In the making of Inside/Outside qualitative analysis constituted an important factor in the artistic process. In May 2012, The Six Tones and Marie Fahlin started coding video of traditional Vietnamese music performance in TV shows. The working sessions took place at the Electronic Music Studios (EMS) in Stockholm by using Hyper Research, a software for computer-aided qualitative analysis and resulted in a little catalogue of gesture types that in turn became the material for the choreography which was developed in workshops in August 2012. Obviously, the pre-understanding of the material of each member was very different. While Stefan and Marie, the two westerners taking part in the coding sessions, had little or no previous knowledge of this phenomenon, Trà My and I had been performing in such TV shows for many years. The selected videos contained some performances in which Trà My or I, or both of us, participated, but there were also many videos in which we did not take part. Hence, this time, we would not only create an analysis of our own performances. This entailed that most of the analysis would have to be carried out through third-person perspective observations. Further, the analysis was carried out at the very beginning of our collaboration with Marie Fahlin, and therefore, the negotiation of a joint understanding in the coding of the videos also became a way of defining the aims and means of the artistic project, as well as simply beginning to get to know each other. The process of making Inside/Outside surely emphasized how different the cultural understandings of gender issues were. Throughout the working period, Marie and Stefan were curiously trying to figure out what the core issues were and what could be the proper way to address them in artistic form in a Vietnamese context.

 

The second step in the creative process was to take the gesture types identified in the coding and develop individual choreographies from this material. This process was documented on video and, in tandem with the ongoing artistic work, was also subject to qualitative analysis. Some of the recordings of Inside/Outside that we analyzed were recorded by Vietnamese TV and we were kindly given the raw video material from multiple cameras. These recordings were made with handheld cameras and represented the piece more clearly than our own documentation since the audience would cover the boxes from the still cameras placed in the back of the room. But again our analysis was filtered through the production lense of a TV channel.

The data we collected from TV shows was produced for commercial use. All videos were recorded playback and did not have any intention to represent an actual performance of the music presented. We did not have access to documentation from when the audio was recorded. Had it been possible to obtain, such a material would have allowed us to make a more in-depth analysis of the impact of the producer in the video recording session, however, Trà My and I explained that in a typical recording session the producer would direct the movements continuously throughout the piece and the cameramen would let the performers know when they are in view so that they can smile to the camera.3

The different gestures that caught our interest we analyzed as communicative gesture, that emerged from extended and modified sound-producing or sound-facilitating gesture. We believe that the modification of these gestures is partially related to the fact that all the videos from TV shows that we analyzed were recorded playback.

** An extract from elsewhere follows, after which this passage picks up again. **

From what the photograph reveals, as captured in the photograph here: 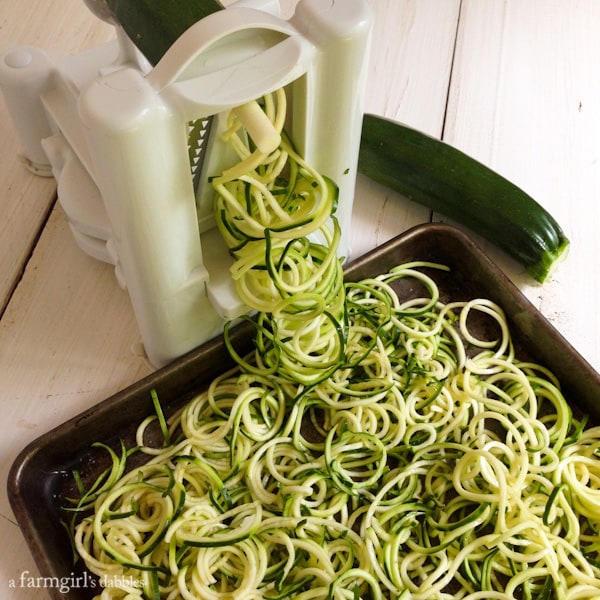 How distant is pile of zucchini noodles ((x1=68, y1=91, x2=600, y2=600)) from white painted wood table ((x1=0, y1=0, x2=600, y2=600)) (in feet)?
0.36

Hence, the movement was already decoupled from the sound production. The gendered aspects of these modifications are related to the decorative function of these extended movements.  It was striking for all of us how strongly gendered the gesture was in the performances and how these movement types would extend the playing related actions in ways that had no relation to sound production, or would even be contradictory to the intended sound. The gender analysis was also built on observation of the few male performers in the TV shows, whose behavior was strikingly different, and bore no traces of the gestures found in female performers. This observation gave at hand that the gesture types found in the coding sessions were inherently related to gender.4 We eventually arrived at the following master code list with six main codes being:

At a later stage, this analysis was further enhanced by a 1st person perspective, carried out in interview sessions with the three performers and the choreographer Marie Fahlin, as well as in coding sessions, analyzing the choreography in the first performances of Inside/Outside. This first-person perspective analysis was carried out after the premiere of the finished piece and was not intended to influence the artistic work. However, to our surprise, this new round of coding eventually sparked a further development of the piece as will be discussed more extensively below.

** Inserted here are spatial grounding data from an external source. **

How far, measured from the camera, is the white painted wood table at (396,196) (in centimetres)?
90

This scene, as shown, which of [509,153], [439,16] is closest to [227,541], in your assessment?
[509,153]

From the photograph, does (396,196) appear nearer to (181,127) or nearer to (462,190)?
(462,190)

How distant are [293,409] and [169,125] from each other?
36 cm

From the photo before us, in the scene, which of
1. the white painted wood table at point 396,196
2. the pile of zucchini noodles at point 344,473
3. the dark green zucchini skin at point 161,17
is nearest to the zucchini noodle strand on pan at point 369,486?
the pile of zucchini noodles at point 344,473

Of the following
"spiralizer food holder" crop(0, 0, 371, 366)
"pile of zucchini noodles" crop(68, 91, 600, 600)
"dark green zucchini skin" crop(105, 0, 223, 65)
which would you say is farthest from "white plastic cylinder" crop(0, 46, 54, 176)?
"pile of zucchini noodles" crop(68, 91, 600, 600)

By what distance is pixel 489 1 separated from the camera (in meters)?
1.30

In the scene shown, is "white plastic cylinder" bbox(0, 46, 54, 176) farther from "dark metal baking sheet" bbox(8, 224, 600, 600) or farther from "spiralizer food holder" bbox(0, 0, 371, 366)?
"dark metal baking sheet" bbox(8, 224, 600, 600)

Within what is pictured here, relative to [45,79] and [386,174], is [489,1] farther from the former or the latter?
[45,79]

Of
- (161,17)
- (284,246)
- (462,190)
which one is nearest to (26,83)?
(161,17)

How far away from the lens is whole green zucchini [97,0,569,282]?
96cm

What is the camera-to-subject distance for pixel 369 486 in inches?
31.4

• extended sound producing gesture (See Video Example V2.1)

• de-coupled extended sound producing gesture (where the sound producing movement is both extended and also repeated without relation for instance to actual plucking of a string etc.) (See V2.2)

• extended preparation (See V2.3)

• rocking (rather a sound facilitating gesture) (See V2.4)

• smile to the camera (communicative gesture) (See V2.5)

• conducting (See V2.6)

V2.11b

V2.11a

V2.7a

V2.7b

V2.10

V2.12

V2.8

V2.9

A space between sound and movement

From gesture analysis to the creation of the choreography


A musical large-scale form was developed already in spring and was used in the first workshops as a basic material. It consisted of improvisations on two traditional Vietnamese songs, Dạ Cổ Hoài Lang and Vọng Cổ,5 first with đàn tranh and then with electronic materials added by Matt Wright. This draft form was further developed in the workshop and became the basic framework within which the finer details of the composition emerged. But, while the initial structure was defined by its musical materials and had a rather simple form in four sections, a more complex form emerged from the interaction between movement and sound. In November 2012, the work continued at the Kim Mã Theatre in Hanoi, where the first performances took place. Here, the interaction between choreography, instrumental performance and the electronic music was developed to a higher degree, while also the choreographies found their final shape. The final music was made in parallel with the choreography, sometimes defining the structure of the bodily movements but more often being drawn directly from the choreography.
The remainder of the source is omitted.